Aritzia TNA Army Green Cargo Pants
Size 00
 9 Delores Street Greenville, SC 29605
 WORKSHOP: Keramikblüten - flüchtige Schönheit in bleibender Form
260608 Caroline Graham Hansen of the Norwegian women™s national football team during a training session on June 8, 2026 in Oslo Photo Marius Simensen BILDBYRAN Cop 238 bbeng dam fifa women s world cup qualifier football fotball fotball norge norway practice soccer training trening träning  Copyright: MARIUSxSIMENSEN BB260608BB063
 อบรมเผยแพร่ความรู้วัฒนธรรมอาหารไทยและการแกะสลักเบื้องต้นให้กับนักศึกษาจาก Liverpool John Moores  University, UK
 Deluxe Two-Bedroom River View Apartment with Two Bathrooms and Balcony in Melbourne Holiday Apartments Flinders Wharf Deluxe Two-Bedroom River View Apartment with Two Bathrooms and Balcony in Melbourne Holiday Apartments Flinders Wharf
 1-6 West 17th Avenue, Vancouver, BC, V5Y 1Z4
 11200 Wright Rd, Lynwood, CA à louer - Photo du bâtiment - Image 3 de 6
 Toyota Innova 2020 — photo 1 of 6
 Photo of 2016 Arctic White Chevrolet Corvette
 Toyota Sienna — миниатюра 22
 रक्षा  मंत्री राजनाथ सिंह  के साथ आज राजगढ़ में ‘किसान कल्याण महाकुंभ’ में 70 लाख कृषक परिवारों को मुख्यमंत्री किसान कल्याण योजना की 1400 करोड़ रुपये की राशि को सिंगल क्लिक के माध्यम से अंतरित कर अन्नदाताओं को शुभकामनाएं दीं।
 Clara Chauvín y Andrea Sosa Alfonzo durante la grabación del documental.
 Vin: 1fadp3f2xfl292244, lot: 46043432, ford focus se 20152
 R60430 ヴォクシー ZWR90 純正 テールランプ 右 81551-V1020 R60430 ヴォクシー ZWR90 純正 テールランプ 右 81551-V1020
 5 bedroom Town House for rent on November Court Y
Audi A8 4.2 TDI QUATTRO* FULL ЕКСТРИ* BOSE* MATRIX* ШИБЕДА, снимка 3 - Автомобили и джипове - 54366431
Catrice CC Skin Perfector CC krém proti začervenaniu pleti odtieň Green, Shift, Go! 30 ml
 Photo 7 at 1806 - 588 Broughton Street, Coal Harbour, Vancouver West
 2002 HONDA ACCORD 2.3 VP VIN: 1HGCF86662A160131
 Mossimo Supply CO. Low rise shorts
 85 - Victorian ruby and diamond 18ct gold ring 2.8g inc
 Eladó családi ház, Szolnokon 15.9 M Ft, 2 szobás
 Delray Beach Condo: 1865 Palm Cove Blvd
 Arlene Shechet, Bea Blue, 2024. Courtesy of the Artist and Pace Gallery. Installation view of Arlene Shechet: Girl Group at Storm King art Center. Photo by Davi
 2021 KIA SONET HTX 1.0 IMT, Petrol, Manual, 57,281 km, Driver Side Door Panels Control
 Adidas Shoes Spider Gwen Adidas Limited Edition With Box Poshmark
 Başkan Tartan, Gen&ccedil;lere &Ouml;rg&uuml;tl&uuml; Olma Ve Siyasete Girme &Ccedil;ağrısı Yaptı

# Your task
Every line of the listing that includes the word "Toyota" forms the answer.

# Output of the task
 Toyota Innova 2020 — photo 1 of 6
 Toyota Sienna — миниатюра 22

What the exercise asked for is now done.